Priscilla review: A thoughtful, stylish reframing of Elvis
Review Overview
Cast
8Direction
8Loneliness
8Ivan Radford | On 03, Mar 2024
Director: Sofia Coppola
Cast: Cailee Spaeny, Jacob Elordi, Dagmara Dominczyk
Certificate: 15
Think you know Elvis? Think again. Priscilla, Sofia Coppola’s retelling of the music icon’s relationship with Priscilla Presley is as far away from Baz Luhrmann’s recent biopic as it’s possible to be. Where that leaned into the glitz and glitter of Presley’s existence, including his manipulative manager, Priscilla is a stark, poignant affair, showing us what life was like on the fringes of that whirlwind.
Coppola, whose film is adapted by Priscilla’s own book Elvis and Me, introduces us to Priscilla Beaulieu (Cailee Spaeny) when she’s 14, and the 24-year-old Elvis (Jacob Elordi) takes an interest in her. That age gap appropriately rings alarm bells with Priscilla’s parents, but Elvis and his family promise that she will be chaperoned at all times, and there’s a sense that there’s little they can do to protect their young daughter from the sheer star power of Elvis.

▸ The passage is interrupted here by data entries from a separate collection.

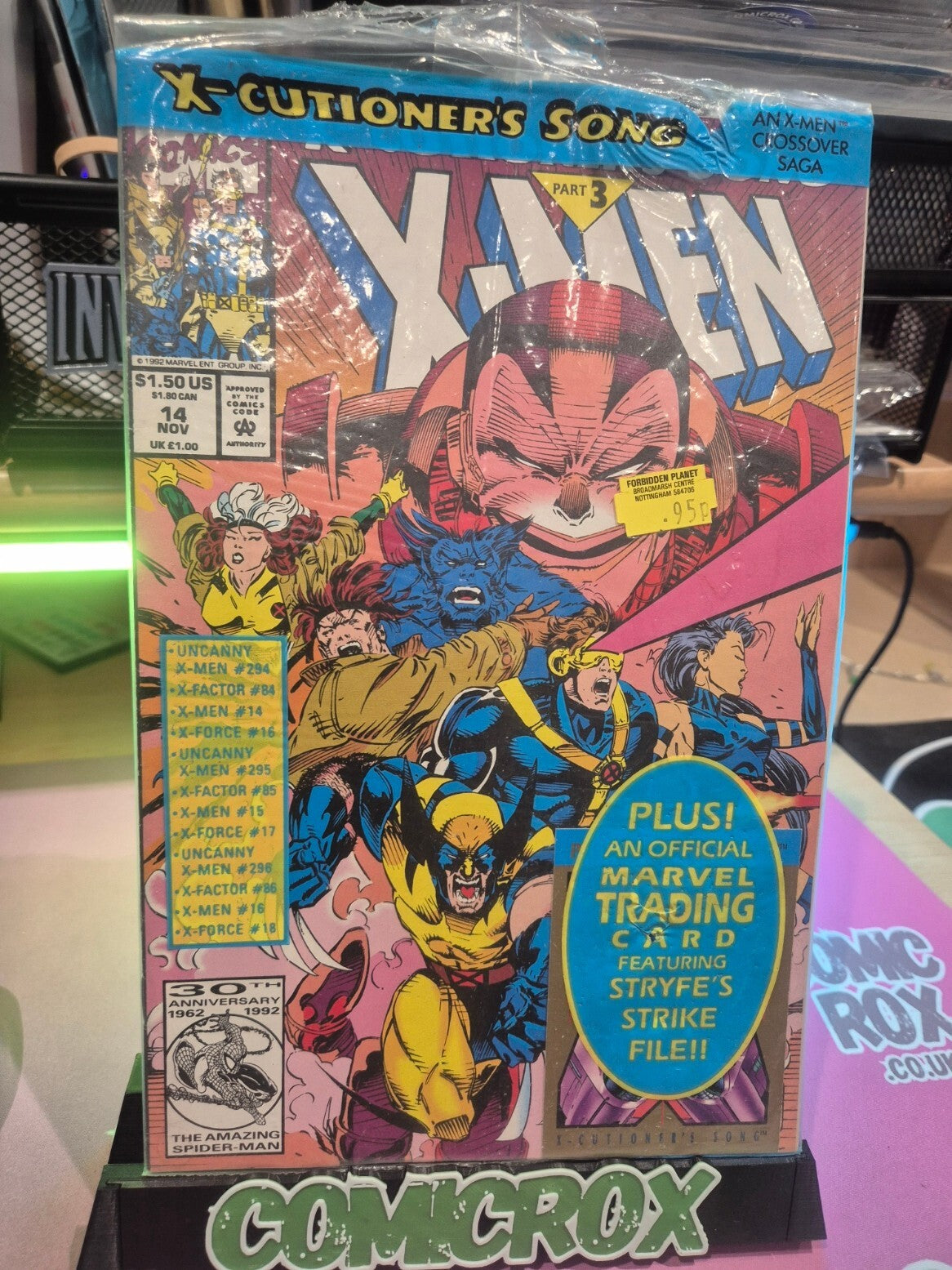 X-Men #14, 1993, X-Cutioners Song, Unopened Polybag with Trading Card, NM
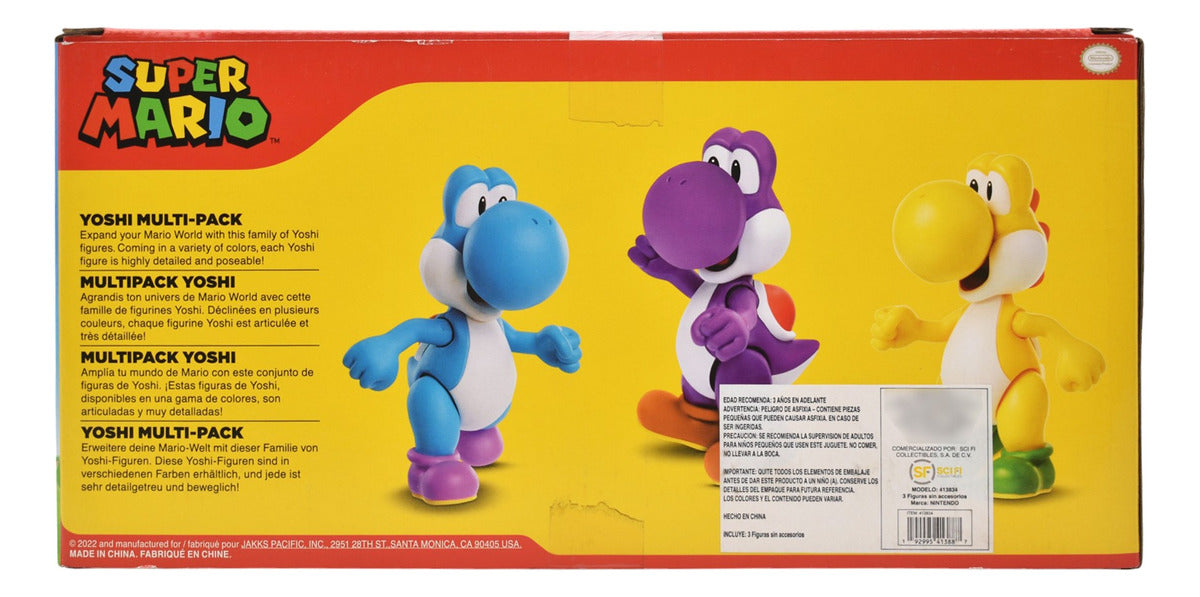 Super Mario Multipack Yoshi Amarillo Morado Celeste Jakks Cd
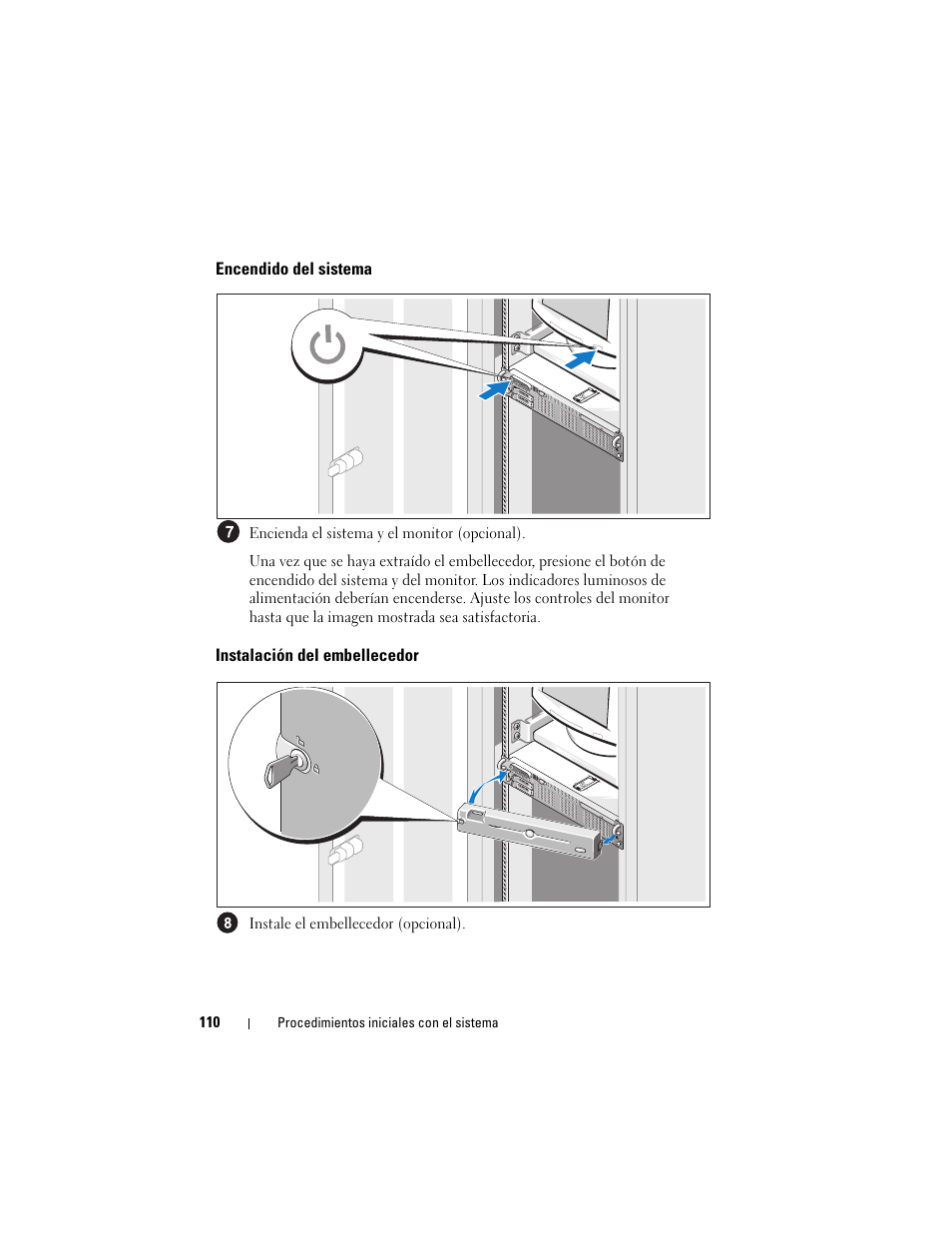 Encendido del sistema, Instalación del embellecedor | Dell POWEREDGE R805 User Manual | Page 112 / 130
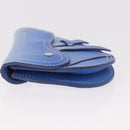 Christian Dior Saddle Pouch Leather Light Blue Silver Auth 188996-3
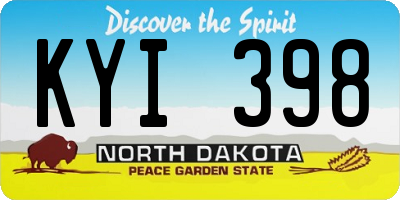 ND license plate KYI398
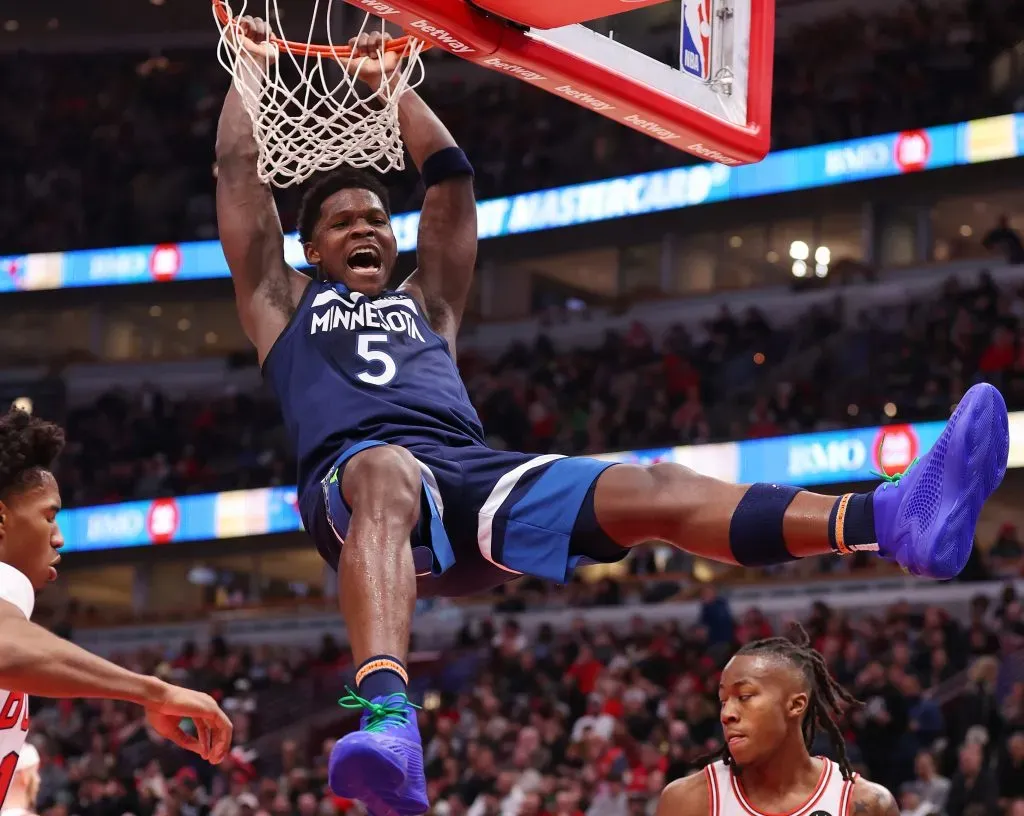 Minnesota Timberwolves #5 Anthony Edwards dunks against the Chicago Bulls. Michael Reaves/Getty Images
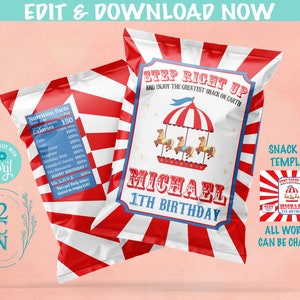Circus Birthday Chips Bag, Carnival Party Popcorn Bag, 1oz Snack Bag | Editable Instant Download | Edit Online NOW Corjl | INSTANT ACCESS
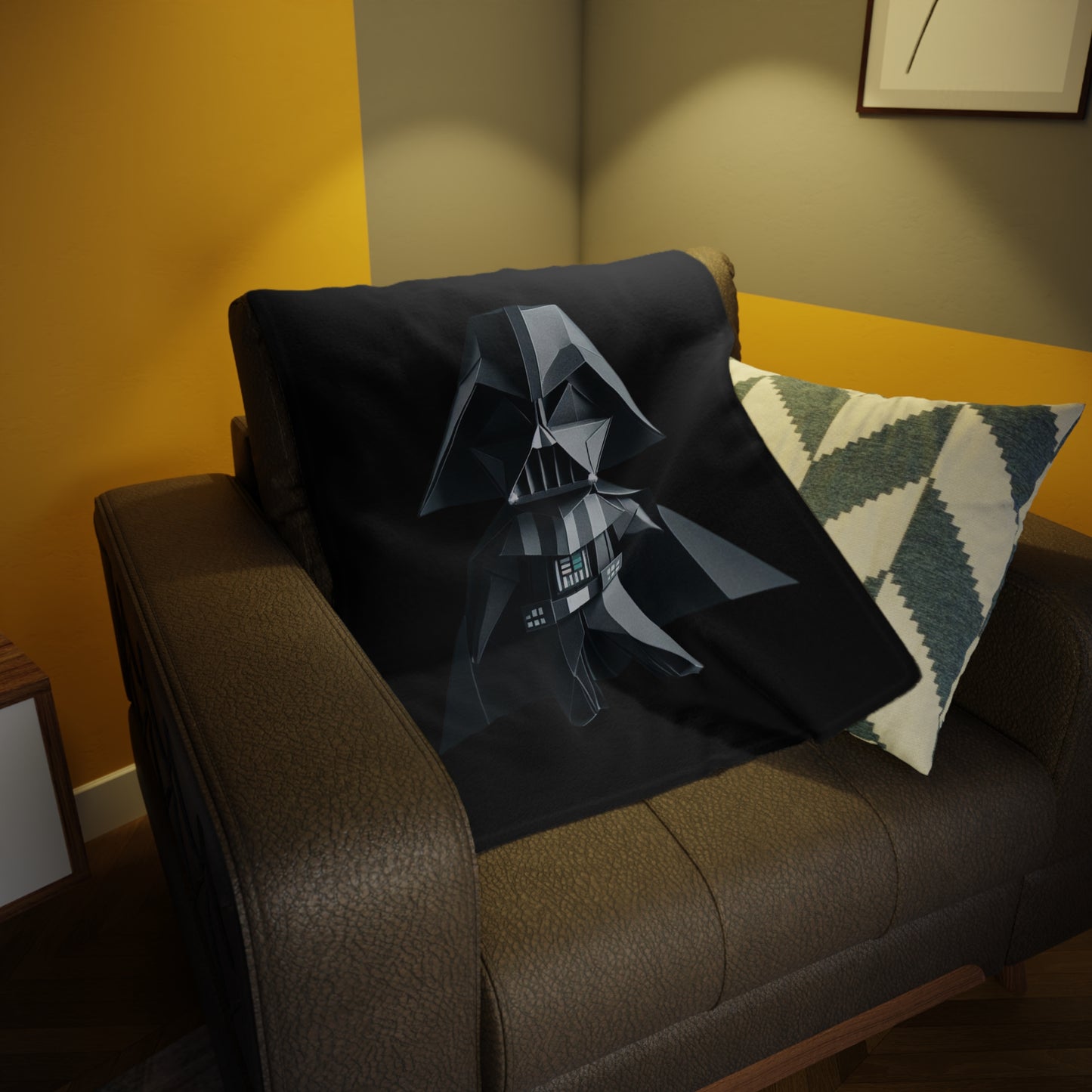 Origami Darth Vader Plush Fleece Blanket - Black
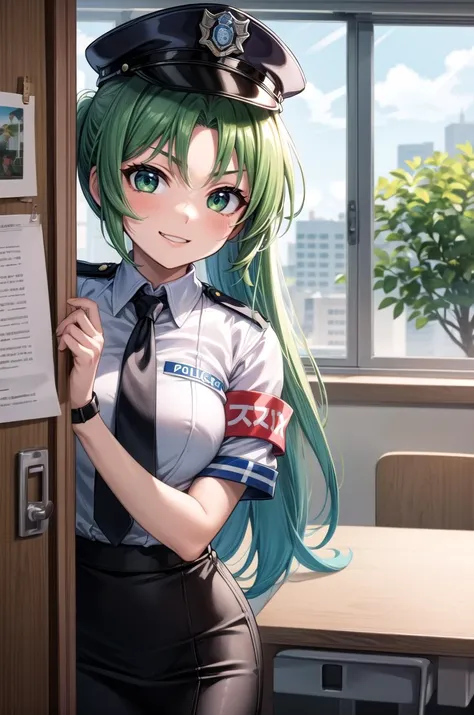 (masterpiece, best quality, detailed), 1girl, solo, Mion Sonozaki, green hair, green eyes, ponytail,
policewoman, police uniform, police hat, necktie, pencil skirt, armband, indoors, office, desk, office chair, <lora:peeking_out_upper_body_pruned:1.2>, peeking out upper body, opening door, smug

For his part, the singer is clearly lonely and sad in his stardom – and the script delicately delves into the way that Priscilla’s innocent youth gives Elvis someone to confide in, especially in the aftermath of his mother’s death. Jacob Elordi doesn’t have the larger-than-life charisma of the man himself, but that feels intentional: Elordi’s Elvis is a vulnerable and confused narcissist, easily swayed into questionable religious movements and seemingly only able to be at home when he’s surrounded by a group of swaggering male friends.
We watch, repeatedly, as he asks Priscilla to go upstairs and wait for him in his room – and while he is very clear that they will not have intercourse, that doesn’t diminish the impact of him always pushing Priscilla to the sidelines. “We are leading separate lives,” Priscilla eventually tells him, but it isn’t really news to either of them.
Cailee Spaeny, who impressed in Mare of Easttown, is superb as Priscilla, playing the teenager as hurt beyond her years. She’s heart-wrenchingly happy to fall for Elvis, even as she anxiously reads in the newspapers the latest conjectures and rumours about his flings with Hollywood co-stars. Her denial slowly begins to dawn on her and Spaeny is note perfect as someone realising that her life has been closed down and reduced, one day at a time. The rare times that she does go out and about with Elvis in public, he tells her what to wear and how to do her make-up, and it’s sad to watch as her initial demands for independence are gradually ground down by grooming behaviour.
Copolla’s storytelling is a stylish and sensitive as ever, crafting a world of muted greys and wide shots for Priscilla to capture her boredom and isolation, as well as the bright colour that Elvis brings into what Priscilla sees as her mundane life. Coppola captures how that excitement and attention leads to an understandable, if unhealthy, emotional attachment for the teen. She also finds room to highlight the happiness the couple genuinely share at times, something that other filmmakers would lose amid the nuanced messiness.
With no Presley songs on the soundtrack at all, the result is an unique experience of the King at arm’s length – a thoughtful counterpart to 2022’s Elvis that would also make for a powerful double-bill with Marie Kreutzer’s Corsage. An understated but no less complex study of codependency, it’s a reminder that one person in a gilded cage is still capable of controlling and containing another.